The courage of empathy
I dip my pen in the blackest ink, because I am not afraid of falling into my inkpot.
— Ralph Waldo Emerson
I am developing more courage, I've had to, as my empathy has taken me new places. Buddhism appeared at first, to me, all about observation. I called it the WYSIWYG religion. It appeared, at first, to be a calming religion, one that my friend Chuck advised me to continue pursuing as a treatment for my occasional panic attacks during law school.
Note that Emerson is "not afraid of falling" ... is that because he knows he won't fall, or because he knows that falling won't hurt him? Or because he isn't afraid of being hurt? Dipping retains control, whereas falling loses it.
Well, Buddhism started out as calm observations and deep breathing exercises, but then I got better at observing, and I started empathizing with whatever I was observing. More than that, I started popping out of my own head, and entering what used to be objects of my consciousness. I started feeling my consciousness expanding beyond my ego, into parts of the universe that I had not considered "me". The first time that happened, I labeled the sensations enlightenment. Then it happened again, then it happened again, and now it happens pretty much whenever I try, which makes the universe a very busy place for me!

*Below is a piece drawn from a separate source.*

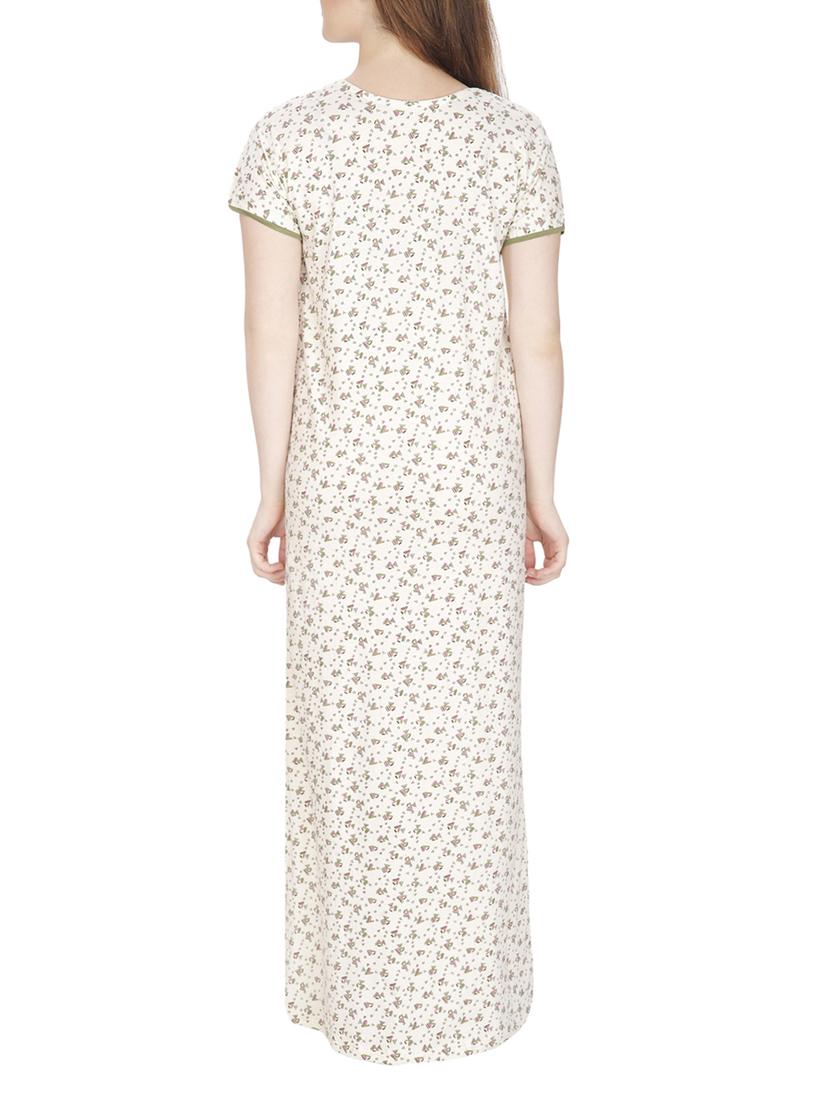 white printed cotton nighty - 11748350 - Standard Image - 2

Some parts of the universe are not happy. I've had to learn better ways of accepting that, to keep my ego from accepting responsibility for fixing everything. Because I can't fix everything. All I can do is sit within each moment, and decide within each moment how to react. Sometimes I can help via activity, sometimes via listening, sometimes via touch, sometimes via sharing, sometimes ... I can't help ... and that's OK. It isn't my pay grade to save the universe.